The same technology would allow an individual to visualize the knowledge of experts and even compare experts to one another.

"We have already shown that engineers from different disciplines have quite different knowledge structures that allow them to look at the same data and reach somewhat different conclusions," says Chris. "Our intent is to capture these unique perspectives in a practical set of tools that may in essence allow any given engineer to function as a team of engineers with different expertise and experience."

A primary emphasis of the Grand Challenge involves development of tools that will enable individualized knowledge to be captured by software running in the background, without the need to directly interact with the engineer or analyst. Currently, the rigorous methods required to develop an accurate model of an individual’s knowledge of a domain are very labor-intensive. "Automated knowledge modeling," says Chris, "is the most challenging aspect in developing this technology."

However, the ability for a machine to automatically acquire accurate models of users’ knowledge could have dramatic impacts.

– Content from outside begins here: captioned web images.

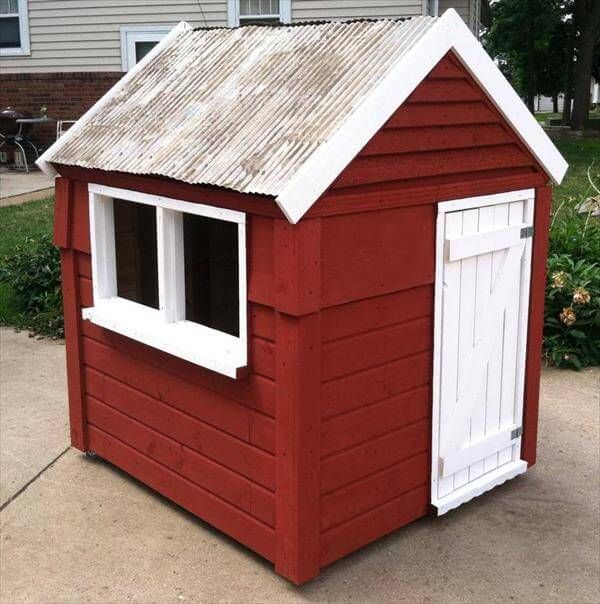 Build Easy DIY Playhouse From Pallets  99 Pallets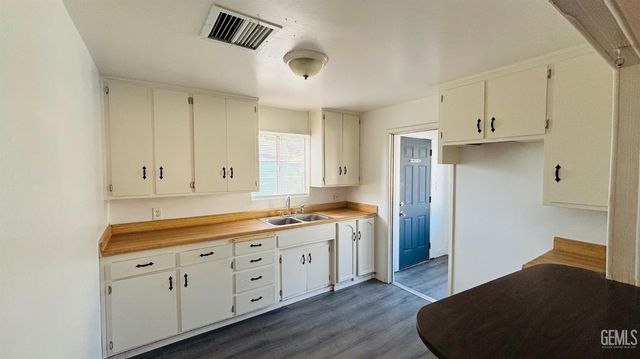 616 Fig Street, Bakersfield, CA 93304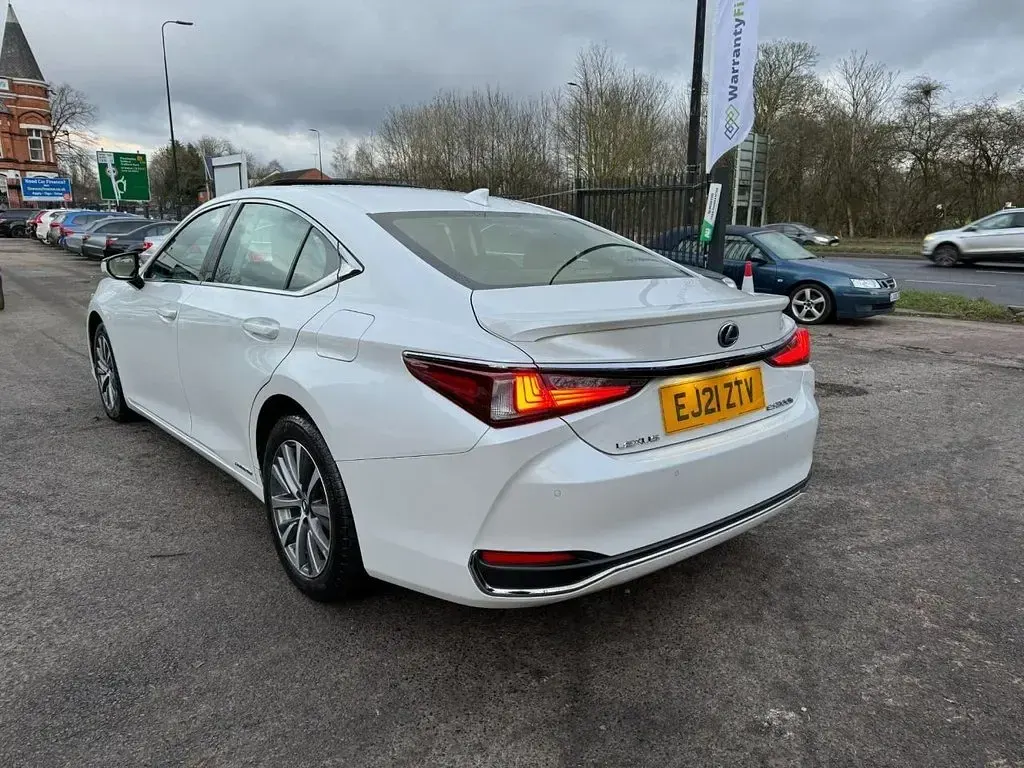 Used Lexus ES300H 2021 White Sedan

In the near-term, this would enable adaptive help systems that adjust to the specific knowledge of a user or technologies that allow a novice user to compare their knowledge to that of one or more experts.

"Looking into the future," Chris adds, "one may envision an economy in which an individual’s knowledge and experience may be packaged and sold as a commodity — when an engineer buys their computer-aided design software they may select from a library of experts whose cognitive models come installed with the software not unlike going to a music store and selecting a stack of CDs of your 10 or 12 favorite artists."

Russ sees an exciting future for this work and the impact it can have on Sandia

"One of Sandia’s strengths is our expertise in understanding and representing complex physical behavior from a sound foundation basis," Russ says. "The efforts that we are now undertaking in cognition are beginning to lay a similar foundation upon which we will build capabilities to represent human behavior, which is a difficult, yet critical, aspect of national security."